Kızıl Ordu’daki ‘Siyasi Komiser’ kurumu aslında yeni bir olgu değildi. Tarihsel olarak kavram, “Commissaire politique” adıyla Fransız Devrimi’nde (1789-99) ortaya çıkmıştı ve devrimi karşıt düşünce ve eylemlere karşı korumakla görevli olanları tanımlıyordu. Ekim Devrimi’nden sonraki iç savaş döneminde ise yine benzer bir anlam ortaya çıktı. 28 Ocak 1918’de kurulan Kızıl Ordu, 20 bin kişilik Kızıl Muhafızlar, 200 bin kişilik Baltık Filosu denizcileri ve bir avuç sempatizandan oluşuyordu ve ilk yöneticileri de Troçki’ydi. Ancak durum vahimdi. Kızıl Ordu birçok zafer kazansa da askeri komuta ve eğitimli kadro bakımından zayıftı ve bir süre sonra Bolşevikler on binlerce eski Çarlık subayını orduya davet ettiler. Bu aşamada, siyasi durumu kontrol etmek için askeri birliklerde Komünist Parti üyesi ‘Siyasi Komiser’ler ortaya çıktı. Herhangi bir özel rütbesi olmayan ama ikinci bir komutan gibi yetkili olan komiserlerin esas görevi birliklerdeki ideolojik pekişmeyi sağlamak ve komutan emirlerini politik açıdan değerlendirmekti.
Direnişin temeli
Daha sonra kurumsal olarak kaldırılsa da aslında etkileri hiç azalmadı. Nazi imparatorluğunun saldırganlığıyla birlikte de Siyasi Komiserlik yeniden kurumsallaştı. Artık her birlikte bir Komiser vardı ve görevleri morali yükseltmek, savaş ruhunu beslemek ve ideolojik eğitimdi. Karmaşık ve zor bir işleri vardı. Çoğu kez acımasız da oldular.

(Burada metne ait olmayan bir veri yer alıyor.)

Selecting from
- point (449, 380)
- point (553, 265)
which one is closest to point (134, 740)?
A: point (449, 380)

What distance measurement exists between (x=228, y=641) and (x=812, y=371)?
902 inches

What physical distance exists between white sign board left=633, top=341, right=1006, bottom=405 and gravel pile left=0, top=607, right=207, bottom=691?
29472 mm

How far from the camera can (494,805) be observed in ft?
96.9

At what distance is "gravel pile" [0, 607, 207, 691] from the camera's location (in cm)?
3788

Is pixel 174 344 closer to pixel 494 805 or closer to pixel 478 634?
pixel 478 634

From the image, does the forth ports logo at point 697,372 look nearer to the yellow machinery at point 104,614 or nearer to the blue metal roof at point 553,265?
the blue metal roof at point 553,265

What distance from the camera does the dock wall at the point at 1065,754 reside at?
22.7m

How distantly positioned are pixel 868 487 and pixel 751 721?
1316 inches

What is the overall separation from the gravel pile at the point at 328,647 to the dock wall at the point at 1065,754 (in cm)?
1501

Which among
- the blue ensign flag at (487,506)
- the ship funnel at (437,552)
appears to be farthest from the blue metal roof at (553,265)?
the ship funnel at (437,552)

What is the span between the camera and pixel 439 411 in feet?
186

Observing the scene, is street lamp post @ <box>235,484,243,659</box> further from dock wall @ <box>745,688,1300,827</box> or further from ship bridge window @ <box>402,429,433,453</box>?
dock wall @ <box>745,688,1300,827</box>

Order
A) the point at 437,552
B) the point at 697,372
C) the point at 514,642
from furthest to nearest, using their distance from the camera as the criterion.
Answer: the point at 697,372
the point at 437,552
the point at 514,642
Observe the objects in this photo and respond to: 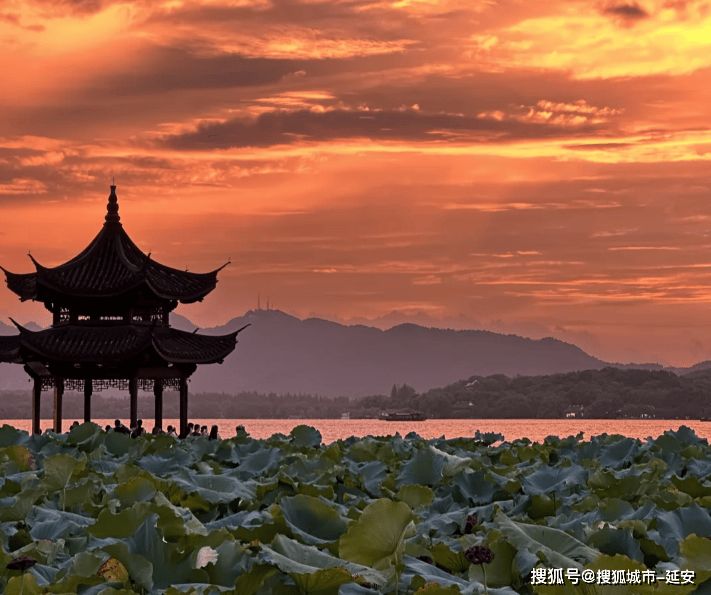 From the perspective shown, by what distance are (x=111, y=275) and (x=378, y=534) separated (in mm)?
29835

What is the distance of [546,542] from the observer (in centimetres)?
388

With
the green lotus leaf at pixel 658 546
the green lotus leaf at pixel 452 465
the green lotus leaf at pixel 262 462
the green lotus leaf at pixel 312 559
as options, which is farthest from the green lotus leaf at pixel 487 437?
the green lotus leaf at pixel 312 559

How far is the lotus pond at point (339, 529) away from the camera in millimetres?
3334

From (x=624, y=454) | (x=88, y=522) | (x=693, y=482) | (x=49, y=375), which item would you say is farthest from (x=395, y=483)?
(x=49, y=375)

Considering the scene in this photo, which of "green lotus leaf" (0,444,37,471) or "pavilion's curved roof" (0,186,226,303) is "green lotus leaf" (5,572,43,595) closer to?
"green lotus leaf" (0,444,37,471)

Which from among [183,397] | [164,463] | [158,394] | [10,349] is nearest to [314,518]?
[164,463]

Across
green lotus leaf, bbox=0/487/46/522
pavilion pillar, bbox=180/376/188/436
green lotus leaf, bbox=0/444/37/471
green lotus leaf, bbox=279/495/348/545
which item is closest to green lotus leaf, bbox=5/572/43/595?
green lotus leaf, bbox=279/495/348/545

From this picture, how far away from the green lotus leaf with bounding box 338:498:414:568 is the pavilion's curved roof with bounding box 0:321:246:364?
27.6 metres

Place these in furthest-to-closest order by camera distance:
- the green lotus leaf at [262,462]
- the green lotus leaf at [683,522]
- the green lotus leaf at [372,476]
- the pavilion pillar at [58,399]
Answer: the pavilion pillar at [58,399], the green lotus leaf at [262,462], the green lotus leaf at [372,476], the green lotus leaf at [683,522]

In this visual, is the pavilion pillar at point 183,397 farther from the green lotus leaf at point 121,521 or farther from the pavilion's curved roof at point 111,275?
the green lotus leaf at point 121,521

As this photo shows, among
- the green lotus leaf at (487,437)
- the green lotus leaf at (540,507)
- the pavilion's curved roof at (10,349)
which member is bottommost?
the green lotus leaf at (487,437)

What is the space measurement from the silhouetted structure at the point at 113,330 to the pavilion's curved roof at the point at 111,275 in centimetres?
3

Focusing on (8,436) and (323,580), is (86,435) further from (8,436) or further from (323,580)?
(323,580)

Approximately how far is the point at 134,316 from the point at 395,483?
2681 cm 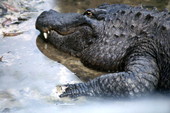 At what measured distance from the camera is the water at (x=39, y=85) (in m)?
3.18

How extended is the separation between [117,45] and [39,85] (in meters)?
1.20

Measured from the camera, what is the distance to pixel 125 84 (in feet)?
10.9

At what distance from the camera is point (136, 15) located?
4.02 m

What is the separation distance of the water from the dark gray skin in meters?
0.14

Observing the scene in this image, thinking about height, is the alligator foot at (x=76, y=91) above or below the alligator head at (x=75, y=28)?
below

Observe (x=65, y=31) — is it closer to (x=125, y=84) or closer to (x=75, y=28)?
(x=75, y=28)

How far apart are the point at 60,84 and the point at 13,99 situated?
63 centimetres

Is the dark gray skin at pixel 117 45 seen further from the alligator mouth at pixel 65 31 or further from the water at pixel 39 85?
the water at pixel 39 85

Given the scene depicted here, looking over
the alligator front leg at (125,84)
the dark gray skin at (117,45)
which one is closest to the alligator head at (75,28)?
the dark gray skin at (117,45)

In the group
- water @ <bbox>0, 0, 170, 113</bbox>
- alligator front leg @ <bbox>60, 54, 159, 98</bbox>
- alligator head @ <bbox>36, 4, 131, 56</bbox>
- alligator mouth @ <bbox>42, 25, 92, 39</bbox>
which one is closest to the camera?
water @ <bbox>0, 0, 170, 113</bbox>

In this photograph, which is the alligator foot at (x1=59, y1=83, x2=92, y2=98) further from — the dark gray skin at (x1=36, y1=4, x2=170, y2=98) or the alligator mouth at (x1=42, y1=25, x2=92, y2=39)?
the alligator mouth at (x1=42, y1=25, x2=92, y2=39)

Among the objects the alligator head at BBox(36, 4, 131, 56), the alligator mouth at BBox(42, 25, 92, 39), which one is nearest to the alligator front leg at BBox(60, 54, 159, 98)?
the alligator head at BBox(36, 4, 131, 56)

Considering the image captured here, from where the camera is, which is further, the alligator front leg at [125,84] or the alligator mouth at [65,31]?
the alligator mouth at [65,31]

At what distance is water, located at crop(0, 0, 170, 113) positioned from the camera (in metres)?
3.18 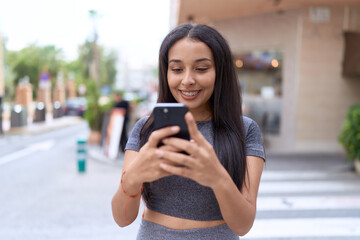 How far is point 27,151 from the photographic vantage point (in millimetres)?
11836

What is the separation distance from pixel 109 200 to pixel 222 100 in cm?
496

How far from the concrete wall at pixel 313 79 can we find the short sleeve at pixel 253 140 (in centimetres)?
925

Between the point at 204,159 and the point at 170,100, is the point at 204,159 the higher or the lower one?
the lower one

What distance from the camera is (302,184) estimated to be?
270 inches

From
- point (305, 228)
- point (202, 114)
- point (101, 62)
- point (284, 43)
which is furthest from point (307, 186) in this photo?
point (101, 62)

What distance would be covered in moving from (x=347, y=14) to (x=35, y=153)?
10.2 metres

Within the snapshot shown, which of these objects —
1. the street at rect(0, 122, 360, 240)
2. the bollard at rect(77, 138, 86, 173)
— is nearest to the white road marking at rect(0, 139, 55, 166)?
the street at rect(0, 122, 360, 240)

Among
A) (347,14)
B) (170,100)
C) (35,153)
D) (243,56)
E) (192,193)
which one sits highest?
(347,14)

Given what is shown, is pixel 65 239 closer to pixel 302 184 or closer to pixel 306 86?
pixel 302 184

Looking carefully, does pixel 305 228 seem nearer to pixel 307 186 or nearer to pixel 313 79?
pixel 307 186

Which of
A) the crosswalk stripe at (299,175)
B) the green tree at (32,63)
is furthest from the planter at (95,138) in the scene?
the green tree at (32,63)

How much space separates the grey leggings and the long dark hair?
0.13 m

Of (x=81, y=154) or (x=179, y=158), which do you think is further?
(x=81, y=154)

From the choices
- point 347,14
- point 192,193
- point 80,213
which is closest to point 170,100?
point 192,193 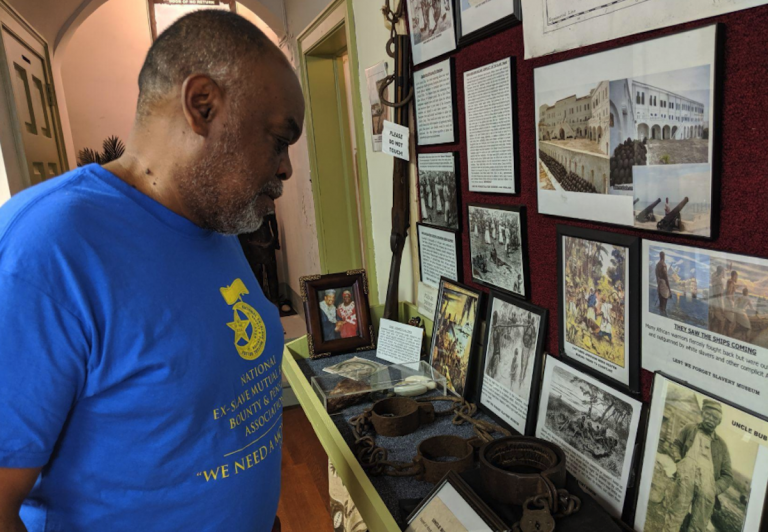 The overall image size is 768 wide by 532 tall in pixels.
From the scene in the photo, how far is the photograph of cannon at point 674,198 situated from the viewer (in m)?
0.81

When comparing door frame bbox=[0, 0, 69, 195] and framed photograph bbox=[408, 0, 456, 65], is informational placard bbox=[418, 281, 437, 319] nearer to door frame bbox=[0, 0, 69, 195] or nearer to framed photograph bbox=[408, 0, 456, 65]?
framed photograph bbox=[408, 0, 456, 65]

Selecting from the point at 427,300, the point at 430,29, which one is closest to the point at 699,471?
the point at 427,300

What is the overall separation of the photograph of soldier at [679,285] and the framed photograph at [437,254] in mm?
736

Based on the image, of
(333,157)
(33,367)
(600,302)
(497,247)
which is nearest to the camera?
(33,367)

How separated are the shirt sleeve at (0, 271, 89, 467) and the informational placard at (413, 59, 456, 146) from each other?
3.72 feet

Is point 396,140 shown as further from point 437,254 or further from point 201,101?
point 201,101

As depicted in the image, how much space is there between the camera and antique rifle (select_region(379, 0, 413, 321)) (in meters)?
1.73

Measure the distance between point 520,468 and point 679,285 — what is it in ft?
1.44

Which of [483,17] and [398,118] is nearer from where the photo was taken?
[483,17]

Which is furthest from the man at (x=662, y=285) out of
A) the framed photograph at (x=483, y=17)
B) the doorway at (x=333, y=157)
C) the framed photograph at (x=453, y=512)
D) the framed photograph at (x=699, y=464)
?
the doorway at (x=333, y=157)

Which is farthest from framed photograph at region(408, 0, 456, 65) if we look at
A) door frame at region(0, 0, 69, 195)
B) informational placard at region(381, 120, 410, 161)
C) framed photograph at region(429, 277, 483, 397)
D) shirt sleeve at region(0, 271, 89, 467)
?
door frame at region(0, 0, 69, 195)

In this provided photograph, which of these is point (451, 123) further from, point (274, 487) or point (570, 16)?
point (274, 487)

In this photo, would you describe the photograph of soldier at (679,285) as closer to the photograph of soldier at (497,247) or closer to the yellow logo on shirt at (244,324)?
the photograph of soldier at (497,247)

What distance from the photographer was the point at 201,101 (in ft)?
2.64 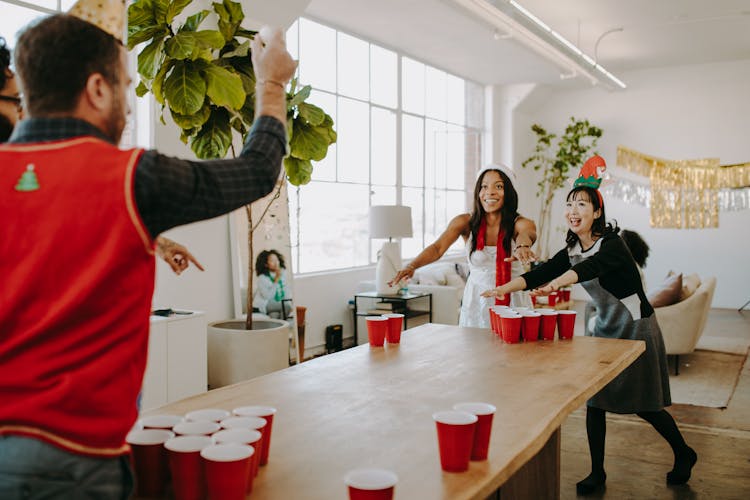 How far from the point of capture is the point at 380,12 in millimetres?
7117

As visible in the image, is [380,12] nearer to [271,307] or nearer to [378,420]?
[271,307]

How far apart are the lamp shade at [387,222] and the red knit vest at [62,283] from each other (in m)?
5.70

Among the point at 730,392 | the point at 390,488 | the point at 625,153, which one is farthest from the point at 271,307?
the point at 625,153

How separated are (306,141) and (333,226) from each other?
10.8 feet

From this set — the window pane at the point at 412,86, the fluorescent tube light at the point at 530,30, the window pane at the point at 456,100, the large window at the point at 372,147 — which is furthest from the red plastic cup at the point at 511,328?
the window pane at the point at 456,100

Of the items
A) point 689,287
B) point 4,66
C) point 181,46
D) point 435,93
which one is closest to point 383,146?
point 435,93

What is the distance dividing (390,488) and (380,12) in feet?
21.5

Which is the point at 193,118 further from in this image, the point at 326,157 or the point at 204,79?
the point at 326,157


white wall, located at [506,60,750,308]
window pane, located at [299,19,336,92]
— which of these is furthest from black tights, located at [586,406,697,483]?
white wall, located at [506,60,750,308]

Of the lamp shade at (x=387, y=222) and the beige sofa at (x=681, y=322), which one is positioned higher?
the lamp shade at (x=387, y=222)

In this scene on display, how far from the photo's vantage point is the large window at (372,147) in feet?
23.7

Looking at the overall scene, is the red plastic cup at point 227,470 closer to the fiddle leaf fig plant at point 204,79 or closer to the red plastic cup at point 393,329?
the red plastic cup at point 393,329

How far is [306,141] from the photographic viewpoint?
14.1 feet

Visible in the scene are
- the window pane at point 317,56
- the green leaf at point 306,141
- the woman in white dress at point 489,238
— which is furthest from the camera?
the window pane at point 317,56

Bütün bu nedenlerle olsa gerek Hitler, Sovyetleri işgal harekâtı başlamadan önce, işgal savaşında “sınırsız kurallar” uygulanacağını belirtti. 13 Mayıs 1941’de “Barbarossa Kararı” isimli emir yayınladı. Bu emir, işgal topraklarındaki Nazi subaylarına doğrudan yargısız infaz yetkisi vererek yargılanmama garantisi sağladı.
Ardından 6 Haziran 1941 günü “Komiser Emri” yayınlandı. Belgede çok açıkça siyasi komiserler “direniş, nefret ve zulüm taşıyıcıları” olarak nitelendi ve her siyasi komiserin derhal idam edilmesi emredildi. Tam adı “Politik komiserlere uygulanacak muamele esasları” olan emirde “Asya kökenli barbar savaş usullerinin yaratıcıları” olarak nitelenen ‘Komiserlerin’ üniformalı olsalar da normal asker olarak değerlendirilemeyecekleri, dolayısıyla ‘savaş esiri’ de sayılamayacakları karara bağlanıyor ve ‘atış serbest’ deniliyordu. Ne kadar kapalı dille yazılırsa yazılsın, emir başlangıçta gelenekçi Alman generallerinden bazılarını rahatsız etti. Generaller “Kızıl Ordu askerlerinin teslim olmasını teşvik etmenin bir yolu olarak emrin yumuşatılması” gerekliliğini Hitler’e ilettiler hatta ama gelen yanıt çok sertti: Emir geçerlidir ve uygulanacak!
Tarihin mirası
Eh zaten uygulanıyordu da. Bunun için yazılı emir de gerekmiyordu aslında, SS haydutları önlerine kim çıkarsa kitleler halinde öldürürken özel emirlere ihtiyaç duymuyorlardı ama elleri de rahatlamıştı. O yıl, binlerce Siyasi Komiser esir düştükten sonra kurşuna dizildi. Yine de bu sayı çok azdı, çünkü Komiserlerin çoğu düşmanın eline geçmemek için çarpışarak yaşamını yitirmişti.
Sonradan görev konumları değiştirilip ‘komutan yardımcılığı’ gibi roller verilse de Siyasi Komiserlik, bir savaş deneyimi olarak tarihte yerini aldı. Çok sonraları namlı SS subayları onlardan söz ederken “Bu insanlar Sovyet direnişinin temelini oluşturdular ve birliklerin kanının son damlasına kadar savaşmalarını sağladılar. Acımasız olabilirlerdi, ancak çoğu durumda kendilerini de korumadılar” diyordu.